1. Commute Seattle, a joint project of the Downtown Seattle Association, King County, and the City of Seattle, is hosting a "Winter Biking Seminar" tomorrow. It's a brown-bag information session run by the Washington Bicycle Alliance's certified instructors all about winter biking (because when it's raining and you're bombing down Madison on your way to work and your brakes suddenly fail, you'll wish someone had been there to tell you to switch to aluminum wheel rims).

The seminar also comes with a free bike light and Seattle bike maps.

Tomorrow, from noon to 1 pm, at GGLO Space at the Steps (1301 First Ave, Level A).

2. Oral histories are awesome.

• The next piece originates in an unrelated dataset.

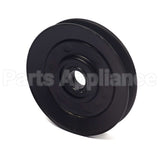 1715494SM Briggs & Stratton Pulley-Idler 4.00 Od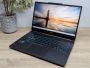 Ноутбук Б/В MSI Cybord 15 A13VE, Intel Core i7-13620H, DDR4 16 GB, SSD 512GB, NVIDIA GeForce RTX 4050 6Gb, 15" Full HD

The New York Times' "One in Eight Million" series, for example, had me procrastinating like I didn't have anything in the world to do except sit in front of my laptop and listen to people talk about urban hiking, or Mormonism, or eating tongue sandwiches in Harlem.

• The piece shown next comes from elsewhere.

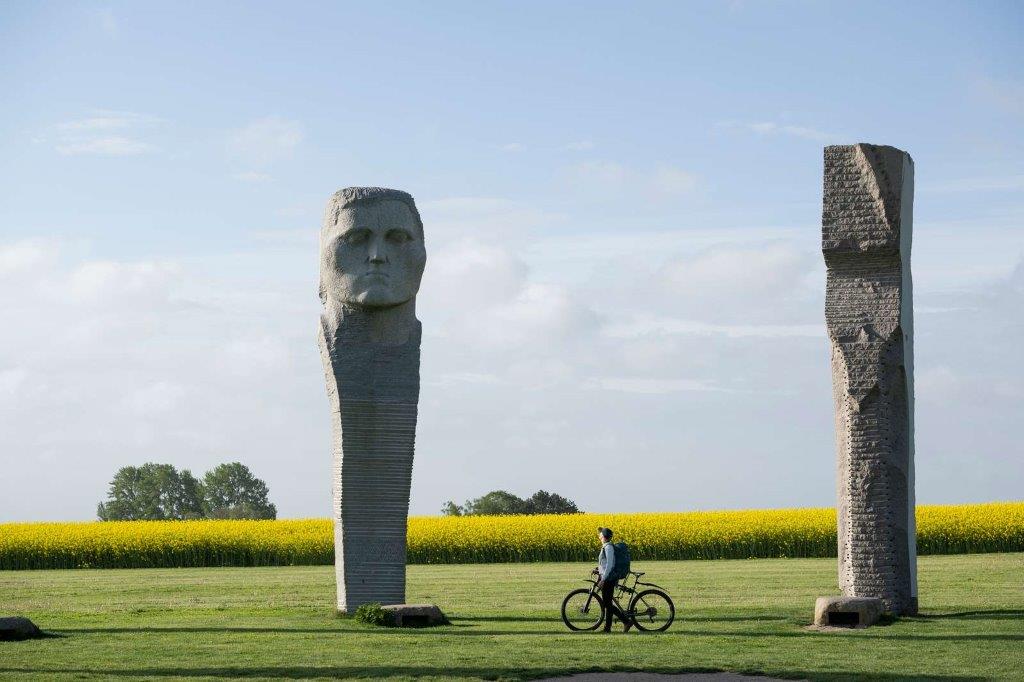 Lollandn Dodekalitten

Oral histories are entertainment at it's barest bones, the essence of why people watch TV or go to parties (but without all the noise)—to listen to people talk about themselves and to judge them, or compare your stories with theirs, and hearing the patterns emerge.

This was partly John Bowe's motive in writing Us: Americans Talk About Love, which he's reading from tomorrow evening at a tea shop in Ballard.

Spurred by his own history of failed relationships, Bowe—The New Yorker, NYT Magazine, NPR's This American Life recorded people's stories of happiness, abuse, and jealousy, ie, love.

A sampling of Bowe's stories, in their full procrastination-inducing glory, is available to read on Salon.



Tomorrow night at 7 pm, at Miro Tea in Ballard (5405 Ballard Ave NW). Free.

3. Now that PubliCola has turned you onto THEESatisfaction, you might as well follow this thing through.

You should go to the High Dive tomorrow to see Champagne Champagne (rappers whose new collab with THEESatis, which includes their best song, "Magnetic Blackness," is forthcoming) and super-energetic old-school duo They Live! (or, as they're called starting tomorrow, "Mash Hall"—apparently the old name was taken).

Wild Orchid Children, who have a reputation for rocking really hard, and also for wearing jean shorts and kicking their legs in the air, are also playing.

With Mad Rad's Terry Radjaw. Tomorrow night at 9 pm the High Dive (513 North 36th Street). $8 cover, 21+.